Sedang jengkel-jengkelnya karena tak punya lahan untuk bertani, saya menemukan sebuah tulisan di twitter ketika hendak twitwar, yang berbunyi, “kita pasti menanam pohon terus menerus jika saja ia bisa memberikan sinyal wifi yang kuat untuk internetan, namun sayang sekali, ia hanya menghasilkan udara untuk kita bernapas”. Plakk!!! Manusia ditampar. Begitu tak berharganya tumbuhan hingga harus ada fungsi wifi dahulu kah baru kita mau menananam dan memberikan ruang untuk mereka?. Ini mungkin menjadi salah puluhan tahun dari generasi ke generasi yang terlalu pragmatis memandang bagaimana kita mengisi perut, namun rasanya ini adalah tugas kita memutus rantai ini, jangan biarkan udara segar dan rindangnya pohon hanya menjadi milik orang-orang yang banyak uang itu. Kita juga berhak atas pemandangan lele yang berebut feses, atau kangkung yang gurih hasil tanaman sendiri.

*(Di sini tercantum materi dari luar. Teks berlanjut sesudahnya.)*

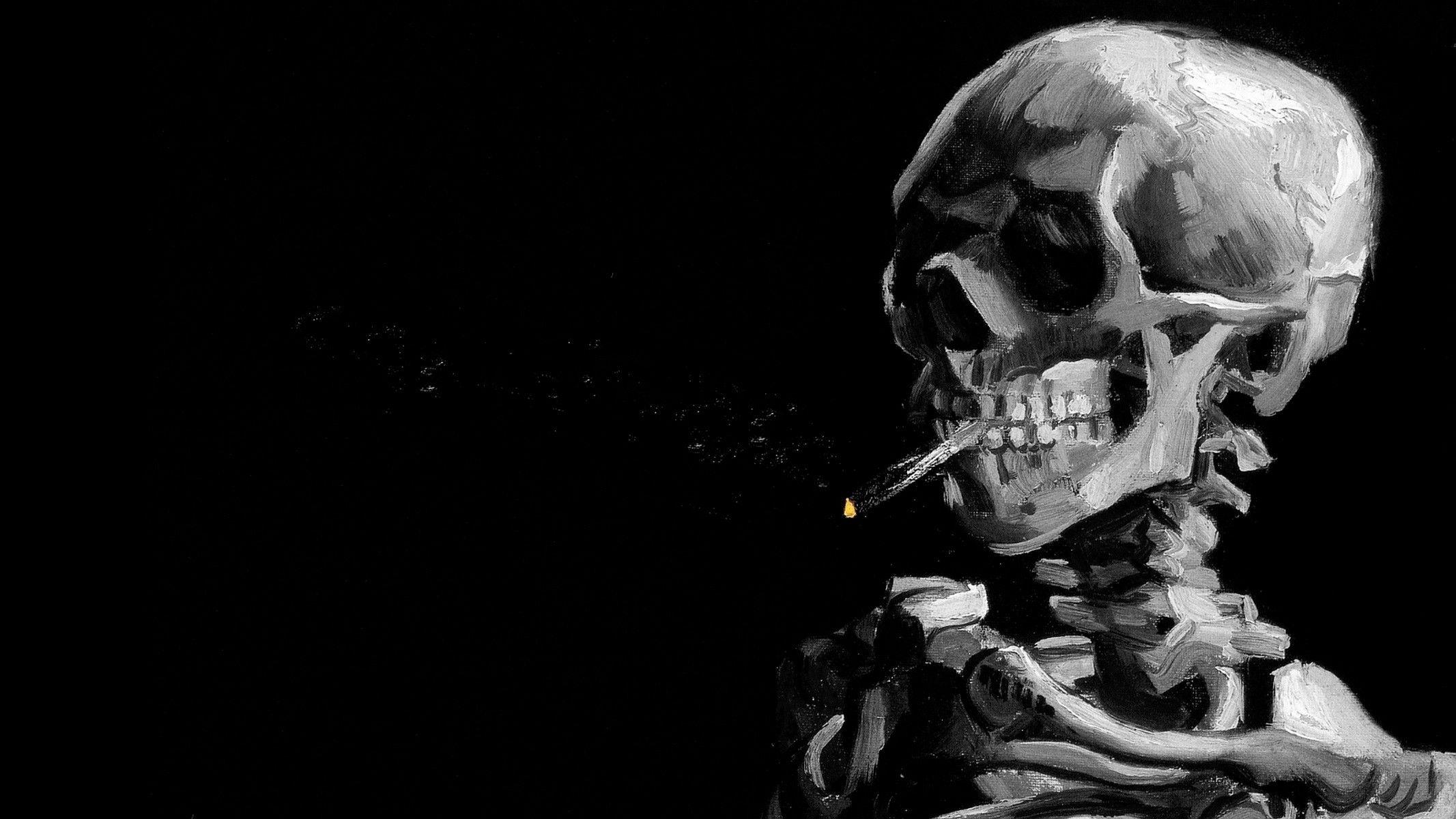minimalism digital art drawing skull fire cigarettes smoke wallpaper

Membahas tradisi hijau jadi teringat akan peringatan keras di jaman dahulu agar tidak menebang pohon yang dihuni setan. Sebenarnya untuk hal yang satu ini setan telah benar-benar membantu kita melestarikan lingkungan. Terima kasih, setan! Dan belakangan ini saya sering berpikir bahwa manusia selalu membutuhkan bencana untuk berpikir dan menanggulangi dengan pencegahan agar tidak terjadi kembali. Apakah kita butuh pohon-pohon untuk menyerang balik dan memberikan suatu penyakit agar kita sadar betapa bermaknanya mereka untuk kita? Satu hal, seluruh kehidupan yang kita kenal saat ini dapat berjalan tanpa kita manusia yang merasa manusiawi, bisa lebih baik malah. Namun tanpa tumbuhan, semua pasti berbeda dan lebih tidak manusiawi.

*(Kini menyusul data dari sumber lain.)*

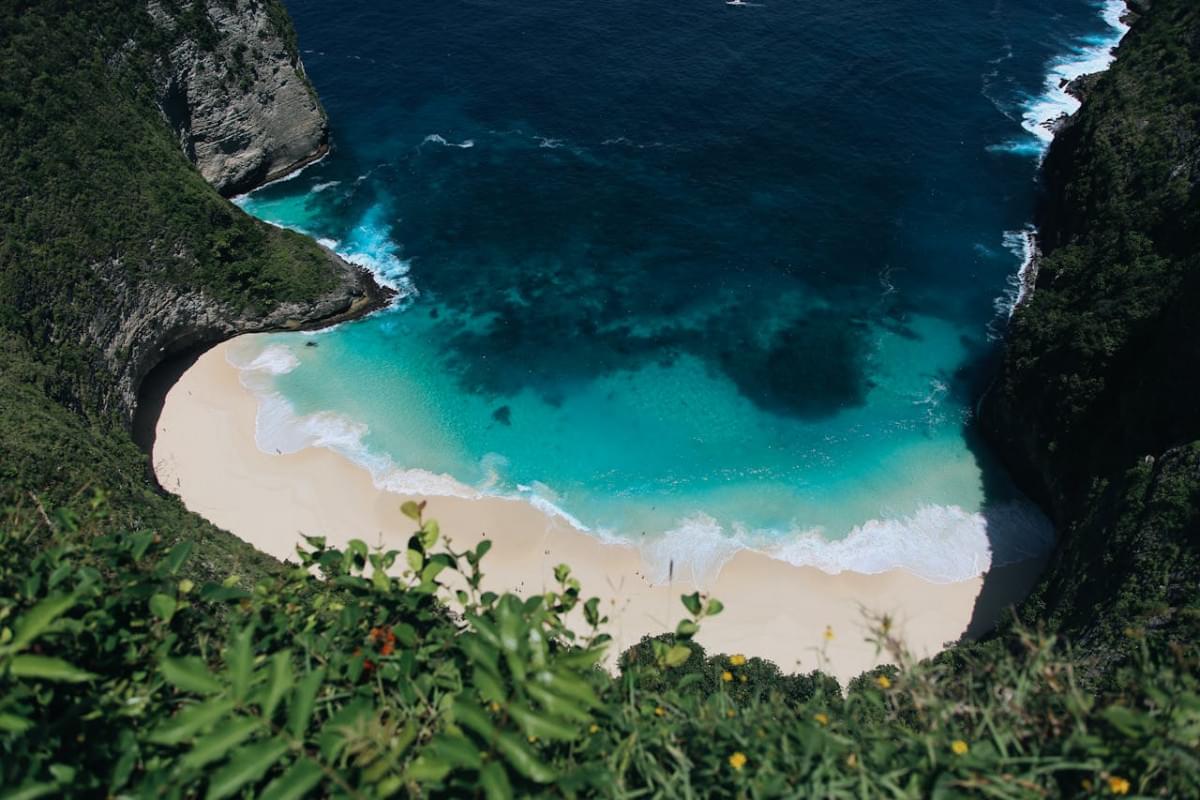 high angle shot of nusa penida island in indonesia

Kita sering memandang tumbuhan hanya sebagai properti, hak milik kita tanpa kita perkirakan bahwa mereka juga punya perasaan dan memiliki haknya untuk hidup dan berkembang alami. Kita perlu hutan yang lebih rindang, rumput yang lebih lebat, semak-semak yang lebih rimbun hingga hewan-hewan dapat bersembunyi dan berkembang biak secara liar dan alami. Jadi sebelum menebang pepohonan rasanya kita harus banyak hitung-hitungan juga soal kebermanfaatannya mengingat oksigen yang kita hirup dihasilkan oleh mereka secara sistemik. Bukan hanya karena uang melulu. Hah! Bosan dengarnya!